Malgré le mouvement d’interprétation infinie que semble appeler ce film, la fonction de précurseur de Rose Hobart est avant tout entretenue par un discours hagiographique, rituellement convoqué par Cornell, qu’il convient d’interroger, celui-ci confinant à la mystification – c’est là aussi une tradition surréaliste : que l’on songe aux récits de Man Ray sur la genèse de son film Retour à la raison (1925)29. La version la plus accréditée de ce récit des origines est due à Julien Levy, un important galeriste new-yorkais qui s’est activement impliqué dans la constitution de la New York Film Society. Dans ses mémoires, il décrit en ces termes la séance à l’occasion de laquelle Cornell projette Rose Hobart :
Sur l’écran, l’héroïne silencieuse prononce des promesses muettes. Soudainement, un cheik pénètre dans la tente. La jeune Britannique sans défense relève la couverture de son lit contre sa poitrine, dévisageant l’intrus avec une fascination terrifiée. Elle respire profondément et crispe ses poings. Les yeux du cheik brillent avec un sentiment d’anticipation rapace. Une balle roule au ralenti et tombe dans un bassin. Le cheik, la jeune fille britannique, le cheik, des chameaux qui courent, la balle, la jeune fille à nouveau, la chute de la balle…
Tout à coup, on entend un énorme fracas. ‹ Salaud ! › Le silence est rompu. ‹ Lumière ! ›, j’ordonne. ‹ Calme-toi ›, implore Gala qui se précipite vers Dali. ‹ Salaud, et encore salaud ›, crie Dali qui se fraie vivement un chemin vers Cornell.
Dali était furieux, un état auquel il nous a habitué mais qui était particulièrement impressionnant cette fois, oscillant entre le déchaînement d’un démon […] et la frustration d’un enfant suite à une crise de nerf. […]
Il y avait peu de choses à dire après que Gala ait apaisé Dali et que j’aie réconforté Cornell. ‹ Mon idée pour un film correspondait exactement à cela ; et j’étais sur le point de la proposer à une personne qui allait me donner les moyens de la réaliser.

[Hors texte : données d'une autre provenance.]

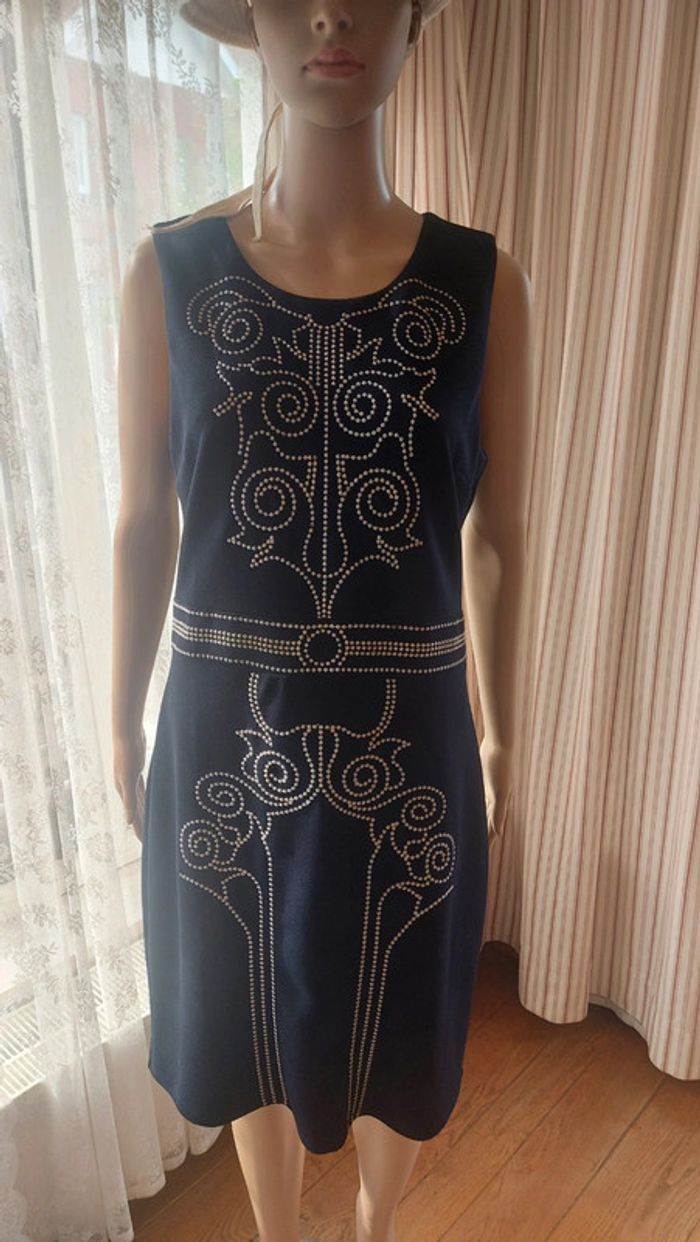 Robe bleu avec broderie K-design taille L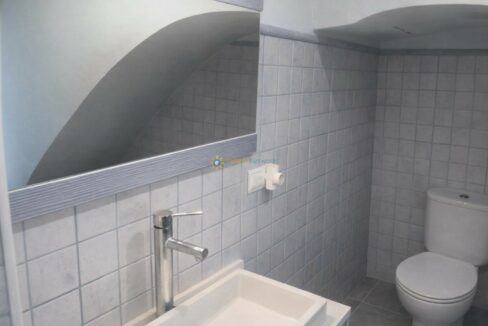 Baño moderno y minimalista en azul(1)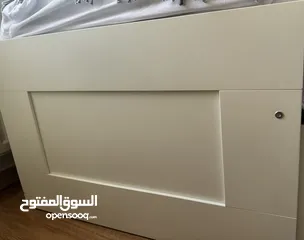  6 سرير لون ابيض مع ادراج واسعه من ايكيا مفرد ويمكن ان يستخدم كسرير مزدوج او صوفا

Je ne peux pas dire que Cornell m’a volé mon idée ›, précise Dali, ‹ je ne n’en ai pas conservé de trace écrite et je n’en ai parlé à personne, mais c’est comme s’il l’avait volée. ›
Cornell se lamentait sans fin, ‹ Mais pourquoi, pourquoi diable – alors que c’est un si grand homme et que je suis un moins que rien ? ›30
Rassemblons les principaux éléments qui constituent le noyau de ce mythe : le caractère événementiel de la projection (non réitérable), dans le contexte d’une galerie (il est ici légitime de parler de « cinéma d’exposition ») ; l’interruption de la séance, conformément à la tradition surréaliste du scandale ; la reconnaissance du caractère inaugural de ce cinéma de l’« objet trouvé » par Dali lui-même, qui accuse de façon très oulipienne Cornell de plagiat par anticipation ; la stupeur et l’incompréhension qui font suite à la projection. Les souvenirs « reconstruits » de Levy (il publie ses mémoires en 1977) accréditent l’œuvre de Cornell comme une alternative américaine au surréalisme – Cornell ne désirant en aucun cas être associé au mouvement – et plus précisément ses films comme une forme authentiquement « surréaliste » de cinéma. Des spécialistes du cinéma d’avant-garde tels que P. Adams Sitney31 ou Annette Michelson32 soulignent la dimension inaugurale du film de Cornell, malgré leur inscription dans des perspectives opposées : le film indépendant ou « visionnaire » pour Sitney, qui revendique la spécificité du champ du cinéma expérimental ; l’art contemporain pour Michelson, qui ancre sa réflexion dans le structuralisme. De façon moins articulée et peu historicisée, ce film a pu être investi comme l’avènement du « postmodernisme » au sein même de l’apogée du « modernisme », hissant Cornell au rang de héraut de l’art du collage et de l’assemblage33, dans la filiation de Duchamp. Cependant, le relativisme critique lié à la « nouvelle » histoire du cinéma34 devrait nous inciter à revenir sur le contexte dans lequel s’inscrit ce film.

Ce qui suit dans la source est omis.